## Problem to solve
In the entries that follow, the lines from the one with "Silicone Phone Case" through the one with "Porte - Clé" are the ones to write out, exactly and with both ends included. Nothing else should appear.

## Data for review

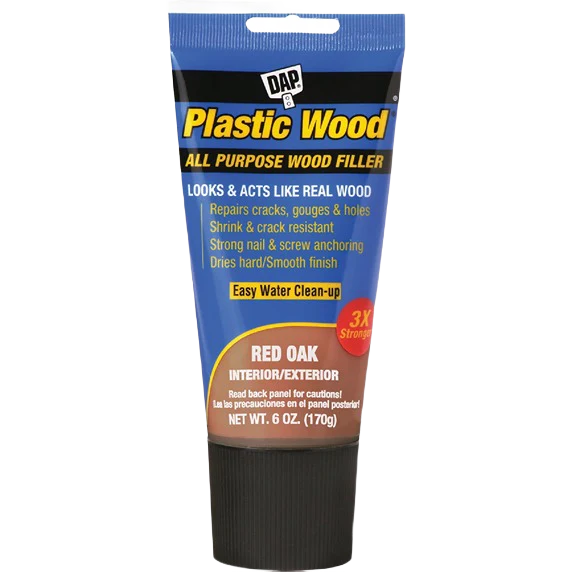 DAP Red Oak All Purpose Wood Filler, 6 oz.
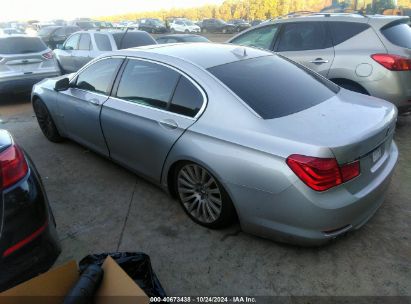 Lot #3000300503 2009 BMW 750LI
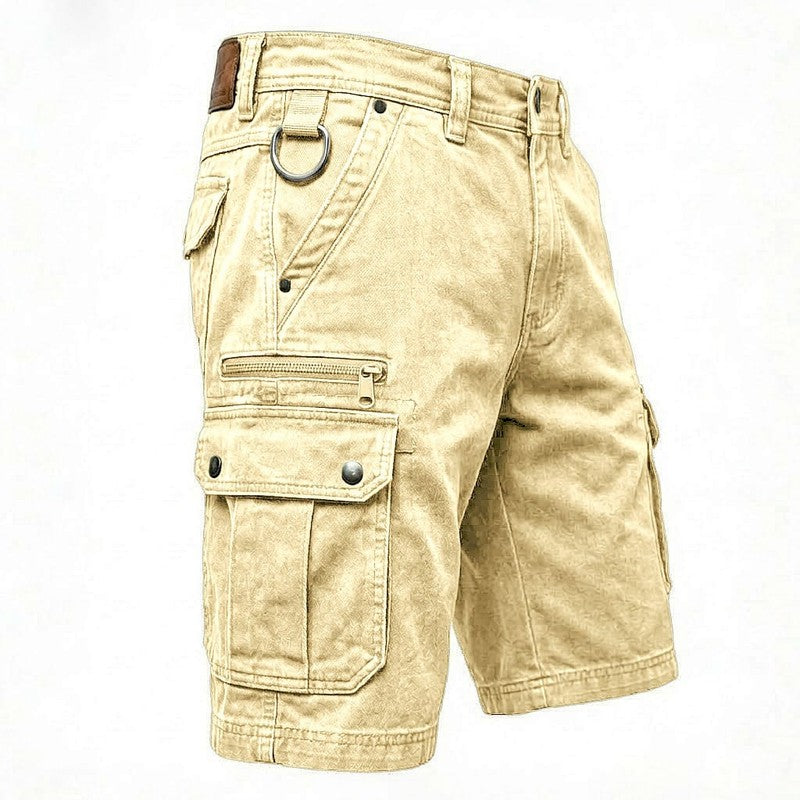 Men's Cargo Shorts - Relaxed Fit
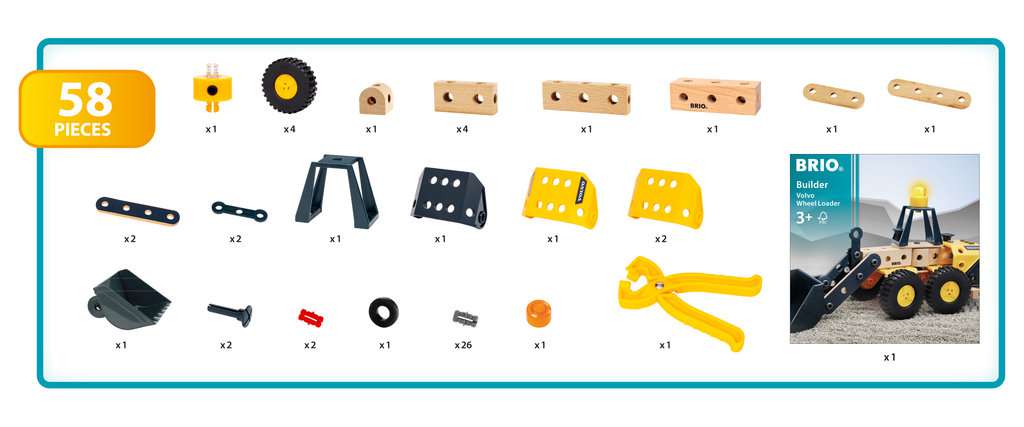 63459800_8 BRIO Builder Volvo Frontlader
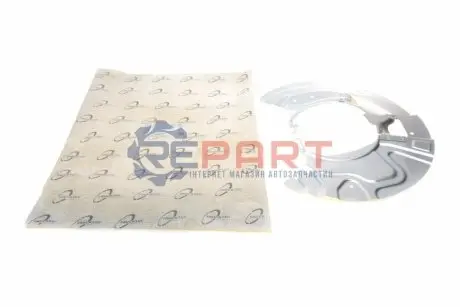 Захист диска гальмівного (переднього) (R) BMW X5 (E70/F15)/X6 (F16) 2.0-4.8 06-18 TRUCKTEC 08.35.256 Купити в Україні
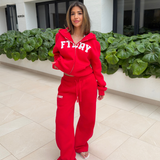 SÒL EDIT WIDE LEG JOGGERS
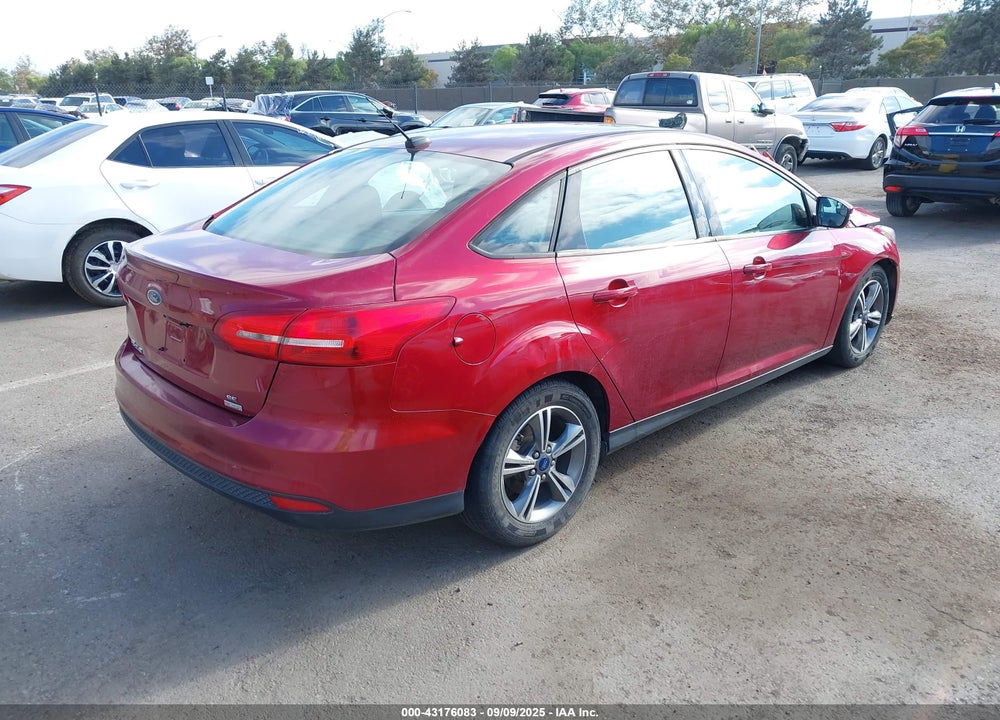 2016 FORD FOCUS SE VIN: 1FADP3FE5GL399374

* * *

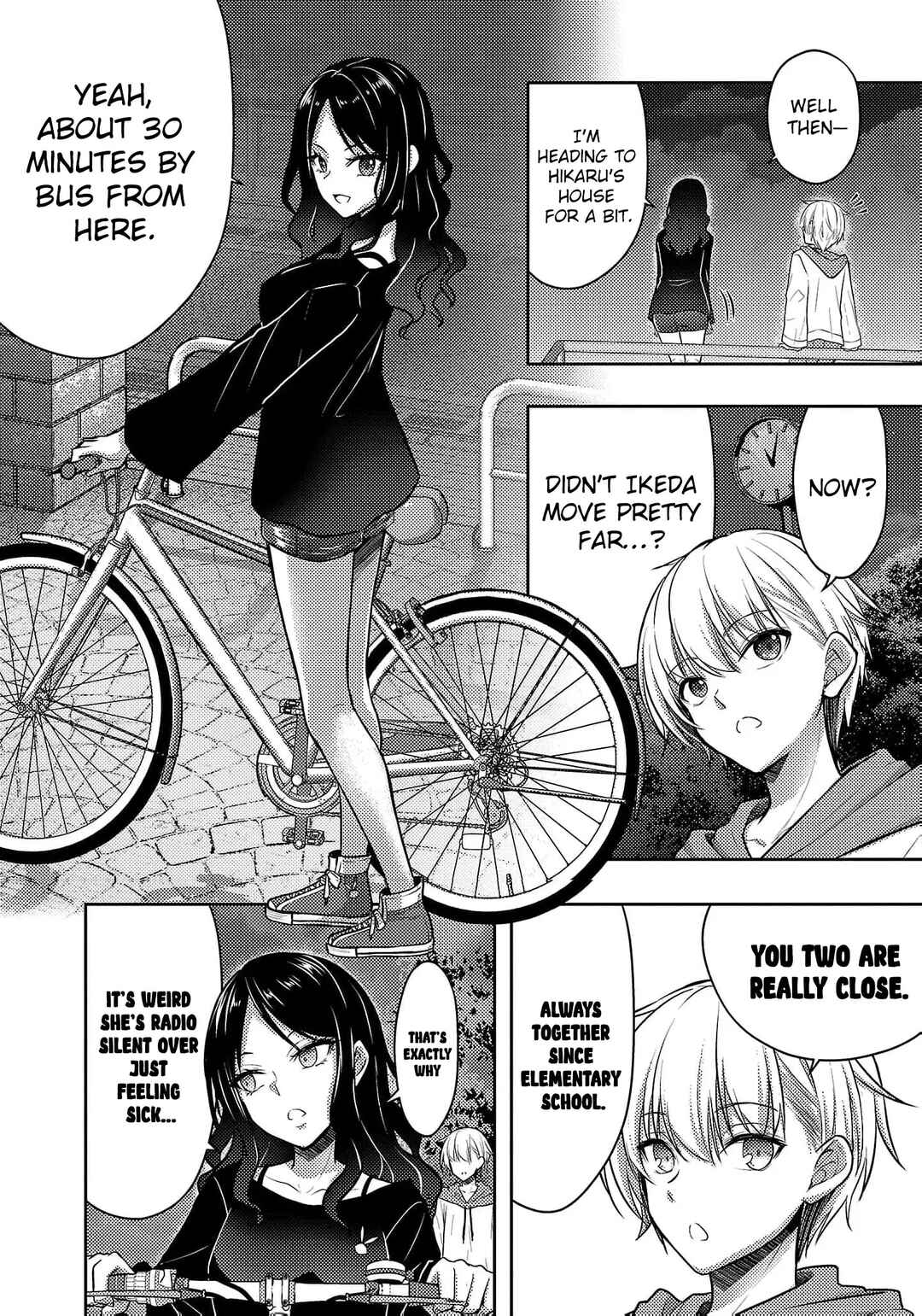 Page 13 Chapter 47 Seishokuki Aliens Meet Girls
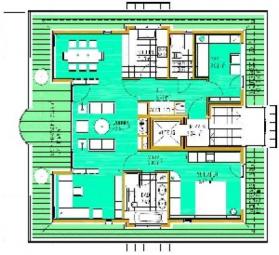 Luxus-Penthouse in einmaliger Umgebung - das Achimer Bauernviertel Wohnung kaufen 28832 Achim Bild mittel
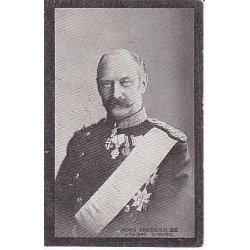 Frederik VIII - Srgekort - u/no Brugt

--

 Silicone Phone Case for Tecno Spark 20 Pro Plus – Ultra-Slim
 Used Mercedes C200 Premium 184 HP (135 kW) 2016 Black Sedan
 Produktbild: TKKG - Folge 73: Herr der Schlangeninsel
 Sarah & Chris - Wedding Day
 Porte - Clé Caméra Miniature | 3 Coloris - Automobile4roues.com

## Response to the exercise
 Silicone Phone Case for Tecno Spark 20 Pro Plus – Ultra-Slim
 Used Mercedes C200 Premium 184 HP (135 kW) 2016 Black Sedan
 Produktbild: TKKG - Folge 73: Herr der Schlangeninsel
 Sarah & Chris - Wedding Day
 Porte - Clé Caméra Miniature | 3 Coloris - Automobile4roues.com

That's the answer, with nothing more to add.